On Behalf of | May 27, 2024 | banking on pot

The U.S. appears to be closer than it’s ever been to finally reclassifying marijuana as a Schedule III drug rather than Schedule I. Advocates for reclassification have long argued that it doesn’t belong in Schedule I with the most dangerous drugs that have no medical value like heroin, LSD and ecstasy.

The U.S. Drug Enforcement Administration (DEA) has announced its intention to reclassify the drug. Despite President Joe Biden’s support, however, it will need to go through a long bureaucratic process before this happens.

Marijuana legalization advocates caution that if the proposal succeeds, it won’t change the legality (or illegality) of the drug for those who use it – either on the individual state or federal level. It would still be illegal under federal law unless and until federal changes.

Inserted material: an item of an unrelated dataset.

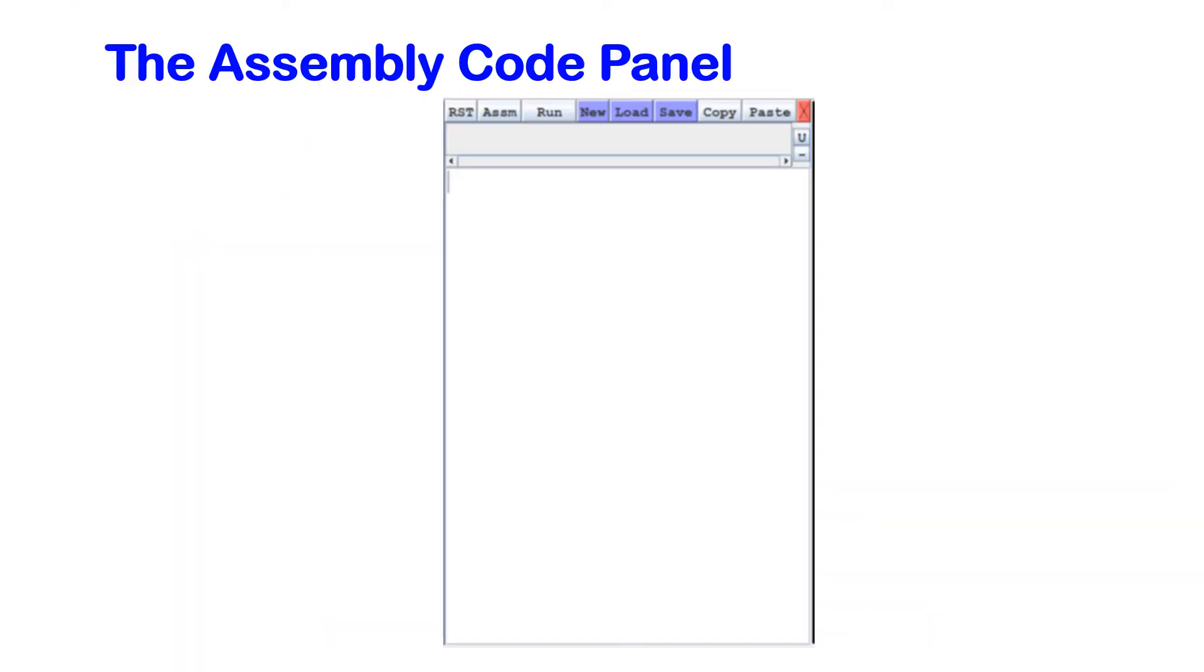Now, in the next few videos, I'm going to look at programming the 8051. So we will be using the assembly code panel. So until then, thank you for watching. See you in the next video. Bye.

Changes to the tax status of cannabis companies

Cannabis companies, however, could see some important benefits from the reclassification. The CEO of one of the leading companies called this a “historic moment” for the cannabis industry. He said it signals “that the federal government acknowledges that there is a medicinal benefit to cannabis, and that, ultimately, this belongs regulated similar to other industries.”

One significant change will likely be a much-needed tax break. Cannabis companies would likely no longer fall under IRS Section 280E. This section of the tax code raises their tax rates and limits their deductions. 

Freeing them of these financial burdens would allow business owners to put more money back into building their businesses, which should help attract more investors. Further, it will be easier for researchers to use it, which will give these companies additional customers.

What about banking restrictions?

It’s also possible, but less certain, that reclassification could help cannabis business owners use the banking system. The SAFER banking bill, which would also do this, hasn’t made it through Congress. The ability to open bank accounts, get loans and more would help small cannabis business owners get their companies off the ground. Further, their customers wouldn’t be confined to using cash. This in turn can help small businesses avoid being targets for robberies.

This will be a crucial process to watch this year to see how it plays out. If the proposal is successful, it will no doubt change and open up the industry for businesses of all sizes. This is an important time to ensure that your business has sound legal guidance.